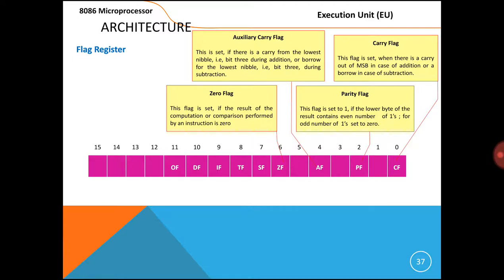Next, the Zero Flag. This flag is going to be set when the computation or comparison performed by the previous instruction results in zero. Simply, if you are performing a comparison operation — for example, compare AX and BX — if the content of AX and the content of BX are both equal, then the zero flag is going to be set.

--

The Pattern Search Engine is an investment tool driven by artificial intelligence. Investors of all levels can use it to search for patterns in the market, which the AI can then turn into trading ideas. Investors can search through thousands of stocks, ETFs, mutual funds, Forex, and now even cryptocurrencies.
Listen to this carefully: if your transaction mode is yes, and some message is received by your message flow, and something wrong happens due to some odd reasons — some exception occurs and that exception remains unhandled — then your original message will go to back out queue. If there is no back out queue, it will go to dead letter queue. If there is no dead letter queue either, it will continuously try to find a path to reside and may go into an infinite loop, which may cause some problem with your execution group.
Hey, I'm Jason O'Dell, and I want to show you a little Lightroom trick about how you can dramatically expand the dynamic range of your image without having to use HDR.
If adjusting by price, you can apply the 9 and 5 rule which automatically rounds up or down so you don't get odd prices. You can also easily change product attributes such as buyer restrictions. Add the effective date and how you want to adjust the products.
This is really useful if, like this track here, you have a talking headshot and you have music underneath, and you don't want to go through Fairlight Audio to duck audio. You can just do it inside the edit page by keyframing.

--

■ **What the task requires**
Show all lines from the listing above in which "through" appears.

■ **Final answer**
The Pattern Search Engine is an investment tool driven by artificial intelligence. Investors of all levels can use it to search for patterns in the market, which the AI can then turn into trading ideas. Investors can search through thousands of stocks, ETFs, mutual funds, Forex, and now even cryptocurrencies.
This is really useful if, like this track here, you have a talking headshot and you have music underneath, and you don't want to go through Fairlight Audio to duck audio. You can just do it inside the edit page by keyframing.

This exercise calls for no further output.